OP (and some others) make false claims when they claim that BGS games have indoor areas that all look the same. This is totally untrue and has been untrue since Morrowind, at least.

As was pointed out in a reply above, anyone making some type of shelter, building, etc is going to use the same materials. We do the same thing today with few exceptions, and we've done the same thing throughout history.

The tiles and textures are not the same nor are they boring to look at. There was an excellent article posted to Gamasutra by one of the BGS developers who was showing actual examples of the many tiles they create for their indoor areas and how they use these tiles to create all the different interiors in their games (think of it like pieces of a puzzle being put together in different ways or perhaps like Lincoln Logs or Lego bricks).

Any similarities of one indoor area to another are extremely superficial, at best. Even in the example of Mass Effect 1 that was given, any exploration and building of outposts on various planetary bodies would almost certainly use plain, prefabricated materials (function over form as well as cost savings/efficiency).

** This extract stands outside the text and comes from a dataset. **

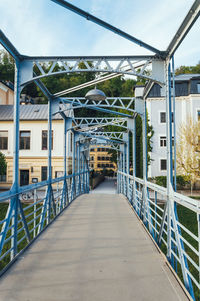 View of footbridge leading to residential structure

The problem with various Skyrim dungeones (aside from the lousy fake lighting, of course, which hopefully will finally be left behind in FO4) was the fact that they included really stupid elements just for the sake of "difference" (or perhaps to look "cool"). For example, there was the vampire lair for the Daedric quest where the cave was an ice cave but the walls had flaming torches stuck in them... with no water running down the walls or along the floor. That's totally unrealistic. I'd forgive such things if the torches were magic but of course that's not the case in Skyrim. Those types of design decisions wind up looking very silly (and are certainly immersion-breaking).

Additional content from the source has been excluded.